STORED DATA
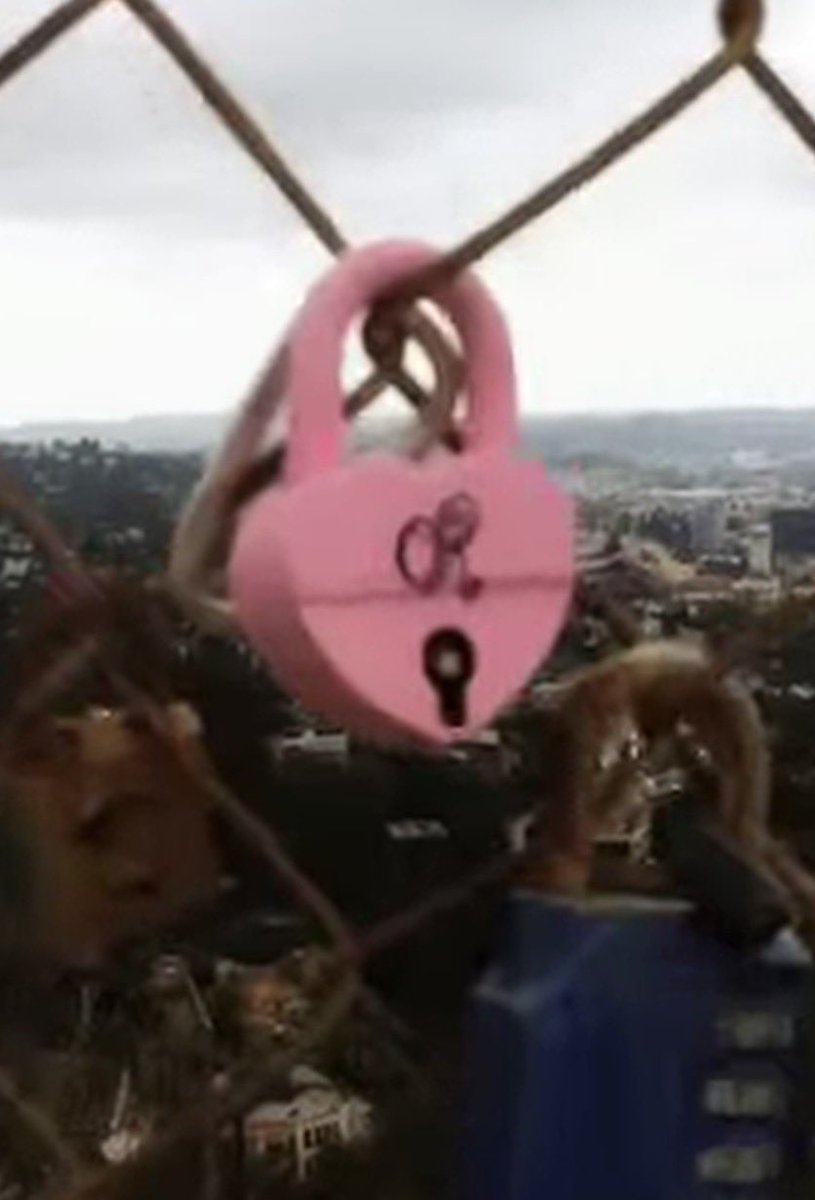 sara ⚓︎ tweet media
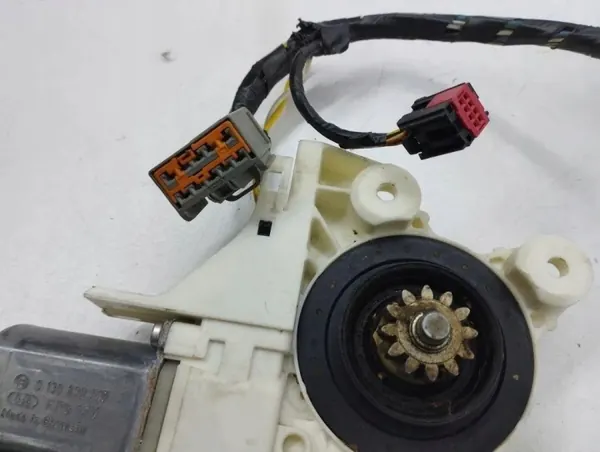 Ford Focus 2005 Régulateur de vitre avant OEM 981548106 image 9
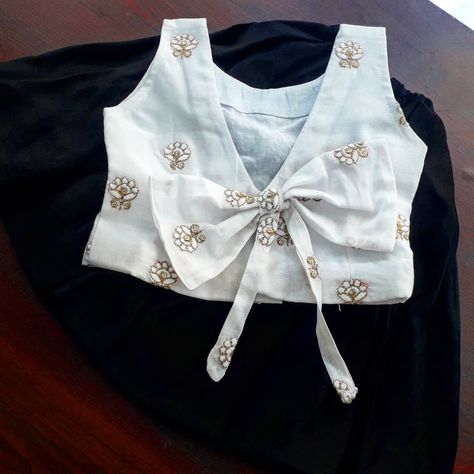 Crop Tops For Kids, Frocks For Babies, Lace Blouse Design, Girls Hair Bows Diy, Kids Party Wear Dresses, Kids Party Wear, Kids Tutu, Kids Blouse Designs, New Saree Blouse Designs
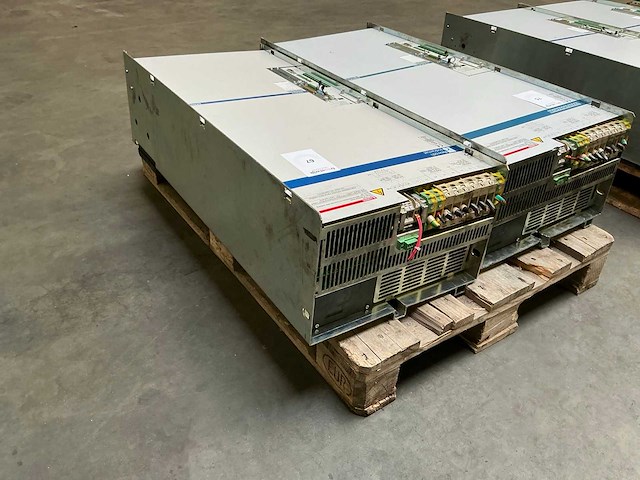 Rexroth indramat diax03 / dkr02 industriële servo aandrijfregelaar - afbeelding 3 van  7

PROBLEM
None of the pictures belong in the copy. Write out exactly the lines from the line that holds "Crop Tops For" through the last line of the listing above, both ends included.

WRITTEN RESPONSE
 Crop Tops For Kids, Frocks For Babies, Lace Blouse Design, Girls Hair Bows Diy, Kids Party Wear Dresses, Kids Party Wear, Kids Tutu, Kids Blouse Designs, New Saree Blouse Designs
 Rexroth indramat diax03 / dkr02 industriële servo aandrijfregelaar - afbeelding 3 van  7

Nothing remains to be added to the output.